Translation of Spoken Text in Mi Libro es la Tierra: Rosa Ixchel (“My Book is the Land: Rosa Ixchel”)
Words and voice by Rosa Ixchel Tuyuc (originally in Spanish)
0’00’’—0’02’’: Well, my name is Rosa IxcheI.
0’08’’—0’12’’: I am from Guatemala, my parents are political refugees.
0’14’’—0’23’’: My mother is Mayan Kaqchikel and my father is Mayan K'iché, both with parents who disappeared during the genocide that took place in Guatemala.
0’38’’—0’46’’: My mother's leadership began from around that time. That’s when our organization was formed, which is called the National Coordinator of Widows of Guatemala [CONAVIGUA].
0’51’’—1’06’’: At the time, their main goal was the search for disappeared people, to fight for justice for war victims, and the cessation of forced military recruitment.
1’24’’—1’40’’: Since then, I’ve been working, mostly, on the issue of food sovereignty, historical memory, and educational initiatives for young people and women from the perspective of popular education.
1’53’’—2’00’’: Because the main reason why people leave our communities is hunger.

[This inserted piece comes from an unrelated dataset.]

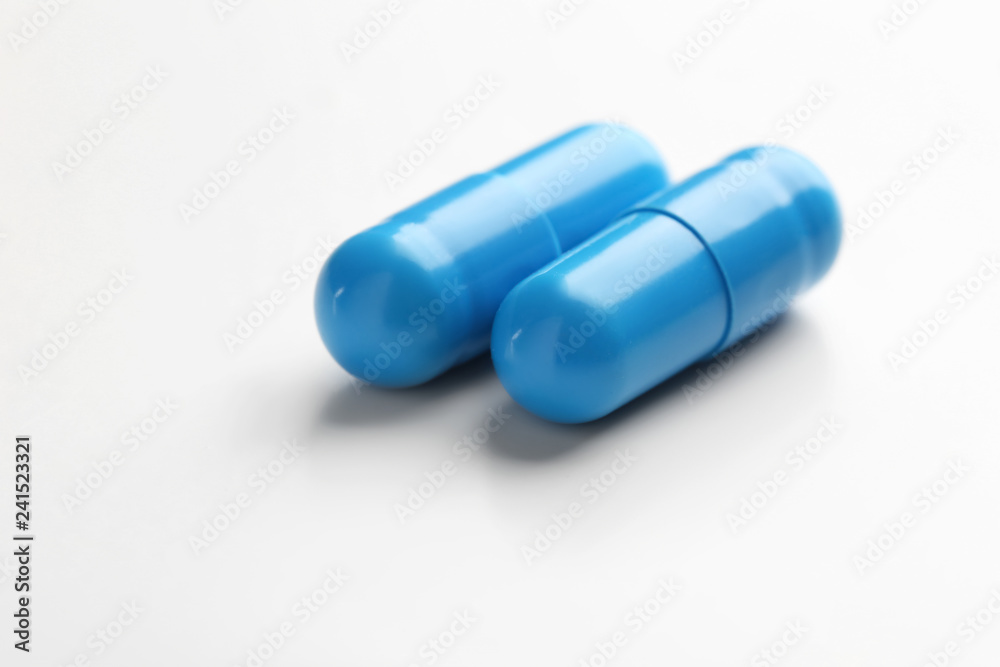 Colorful pills on white background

2’14’’—2’34’’: For us, food sovereignty is important because it allows you to become autonomous—you decide what to eat and how to produce it. It also gives you the freedom to decide what to do with your time and with your organizational and political work.
3’02’’—3’17’’: In the same way, we see popular education as a form of liberation. It’s a participatory teaching method that takes peopke’s knowledge as a starting point.

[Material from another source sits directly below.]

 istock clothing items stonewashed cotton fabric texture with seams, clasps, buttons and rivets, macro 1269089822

3’26’’—3’58’’: This is important because, Indigenous communities have often been told that they “don’t know”. So, to speak about popular education is to understand that Indigenous communities have their own way of knowing and knowledge. And so, we start from people’s experience and from their knowledge as community members who know their context and its difficulties as well as many of the solutions to them.
4’25’’—4’46’’: For me, historical memory relates to the collective experiences and events that are constructed collectively. Because there isn’t only one story, there are many stories which one can put together into a puzzle that explains how and why something happened.
4’51’’—5’05’’: In this case, when we talk about historical memory in Guatemala, we’re trying to understand, for example, what were the causes behind the organization of the guerrillas.
5’41’’—6’05’’: Our objective is to work for truth or for a history that includes the perspective of our communities, because our government spreads the idea that the guerrillas were the ones who killed all those people. From our organization’s “space of memory” we want to give voice to the communities’ truth and to hold the government and the army accountable for their participation in everything that took place.
6’11’’—6’28’’: Many times, it’s said that all those who were killed or forcefully disappeared were members of the guerrillas but many statistics show that many of them didn’t have a weapon, they had not even touched one when they were killed.
6’29’’—6’58’’: It’s also important to share the life stories of those who died is important. Many of them were artists or professors, they organized with the church, they worked at the cooperatives… but we also need to talk about their right to organize or not in the guerrillas. We want to vindicate their life stories.
7’35’’—7’57’’: People always tell us: ‘forget and forgive’ Who am I going to forgive? No one has asked me for forgiveness. So we want these events not go unpunished and for this form of power, which is still held by the same people, to change somehow.
8’07’’—8’27’’: This isn’t an easy task—we’re not succeeding in this—but that is what we hope, that History doesn’t repeat itself and, above all, we want the youth to be aware that our country’s political situation doesn’t come from nothing.
9’24’’—10’01’’: It’s necessary to work from the collective to be able to achieve a more dignified life that is fairer for everyone and that comes from a collective dream instead of an individual dream of “me” as someone who wants more. freedom or more opportunities. Rather, it’s about a more dignified life not only for us as human beings but for everything and everyone around us.
10’07’’—10’17’’: One can't talk about a dignified life when the rivers, the forests, the mountains, are being exploited.
11’13’’—11’27’’: In the political proposals of the Indigenous peoples we have always heard about taking just what’s necessary and to respect also the stone, the leaf, the tree.
12’55’’—13’14’’: We need to know what we need but we've gotten to the point where we find something and we want it all. And I think that's the problem: wanting to extract from Mother Earth everything she has.
13’54’’—14’14’’: We need to be collective beings and think about a more dignified life not only for you and the one next to you but for everyone and to fight for, as I've heard it out there, ‘a world where many worlds fit’.
14’42’’—14’57’’: Everything I am and everything I’ve experienced have a lot of collective knowledge and learning from others as its foundation.